The four song suite is perfectly laid out, each song connected like the chapters of a book. Maybe that’s why the record came together so quickly, opener ‘Tall Grass‘ written in just two days. There’s a sense of familiarity on the record but the shooting of a rabbit described in the opening lines of ‘Tall Grass’ could happen at this very farm one imagines, stark imagery with no romanticism. ‘The rabbit won’t stop shaking but the life is gone, the blood is on the clover and oh god its eyes are open wide staring up at me’, it goes.
‘‘Tall Grass’ is very much about the profound experience of dealing with life and death of an animal.
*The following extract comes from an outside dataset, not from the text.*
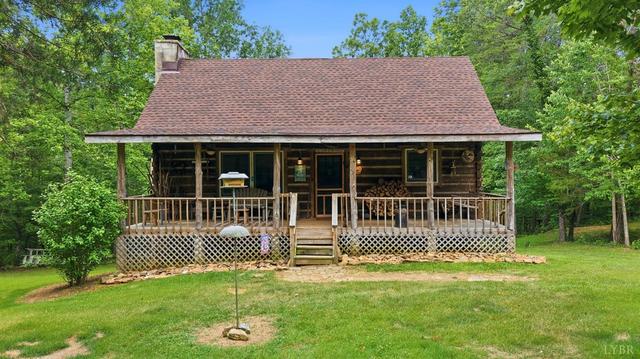 Undisclosed, Spout Spring, VA 24593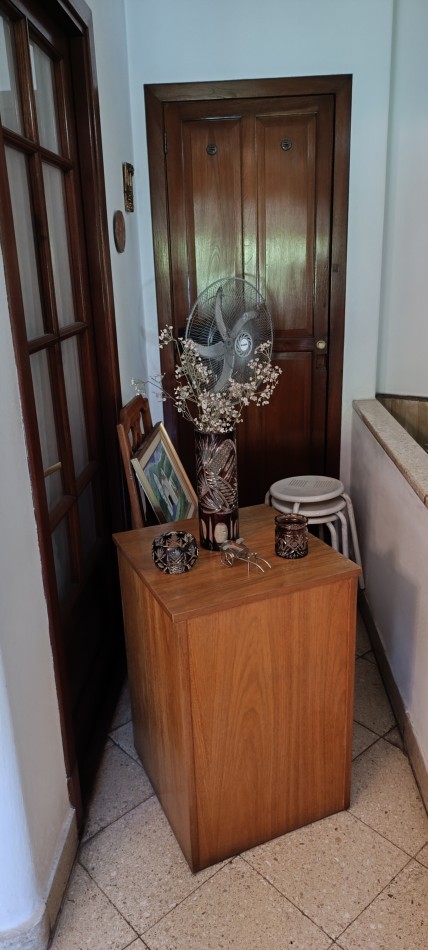 VENTA DEPARTEMENTO 2 DORMITORIOS PLANTA ALTA BARRIO SAN MARTIN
It starts on a very micro level very specific of an animal dying and blooms into a bigger concept about life and death,’ Adam explains.
‘When I first started one of the criticism I got about my songwriting from the record company was that is was too specific. And that I should stop using proper names and place names because they’d stop everyone else from identifying with it. I thought that was a dumb suggestion. Something you get a lot from record companies!’ He laughs. ‘I thought you ground things in specificity and if you open them up it shouldn’t lock everyone else out. You should be able to make it something people can identify with. We share a common humanity. You don’t have to share the same address. But you should write about your address.’
The day after writing ‘Tall Grass’ he played it to see if it needed extending or changing – it didn’t – then sang the line ‘Bobby was this kid from around the town’ which morphed into the next song on the release, ‘Elevator Boots’. That brought the idea of a suite into play instead of a conventional album. ‘I loved the way it flowed out of the Tall Grass. And I got this idea what if I wrote a series of songs where the end of one was the beginning of the next. And I thought I wanna write, wanna record, wanna make a record.’
‘Elevator Boots‘ shows a reflection of his own lived experience as a touring musician. In some ways the character of Bobby is him, he’s willing to concede. Events, things, people in Bobby’s life are temporary as he goes from town to town, music a sole permanent anchor. ‘Everything else in his life floats in and floats out, comes in and fades away, they’re all very temporary and ephemeral. Except for music which is always there for him. Every night there’s always another gig, another show another chance to connect with something that’s the most important thing in the world to him.’
This highly unusual way of living when Adam was younger, birthed temporary intense connections with people, especially women. Adam describes it as a ‘weird byproduct’ of that life over those years.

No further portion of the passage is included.